The compiled model will produce nominally constant losses, whereas the eager variant rapidly converges to loses that are O(10^-4).

Given that this is a very lightly modified variant of the torch.compile tutorial, I was hoping that somebody could point out to me what I’m missing. Is it as simple as pass by reference not working through torch.compile?

Thanks in advance

ptrblck · April 18, 2023, 12:00am

Could you remove the mode="reduce-overhead" usage and see if this would fix the issue?
I’ve reported this issue a while ago in this comment and based on the latest updates it might have been fixed already in the current nightly release, so you could try to check it, too.

Triptych · April 21, 2023, 1:35am

Hi ptrblck - thanks for your comment, and apologies on the delay in getting back to you. I can confirm that running it as either default or max-autotune does result in the expected behaviour on 2.0.0+cu117. Appreciate the knowledge you provide on these forums.

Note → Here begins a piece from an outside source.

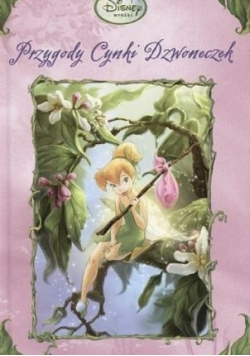 Przygody Cynki Dzwoneczek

I might post this up as another thread to keep things distinguished, but I’m running into an issue with compile that the last batch from a dataloader triggers an error of “AttributeError: ‘UnspecializedNNModuleVariable’ object has no attribute ‘module_key’”, which kills the code without any reference as to what exactly is causing the issue. Is there any documentation I can follow to understand what exactly is triggering this issue, and why it only triggers during the last batch? I had assumed it was because the last batch was of a different size, but I’ve tried both padding and drop_last in the dataloader, and neither has been successful.

ptrblck · April 21, 2023, 1:37am

The module_key error should come from the dynamo stack.
Could you post the full stacktrace here?
Also, are you able to reproduce the same error by using the last batch “standalone”, i.e. outside of the DataLoader loop?

Triptych · May 1, 2023, 6:10am

Apologies for the delay in getting back to you - I ended up refactoring the code a fair bit and have no longer been experiencing the issue. Thanks again for your assistance, it’s always appreciated.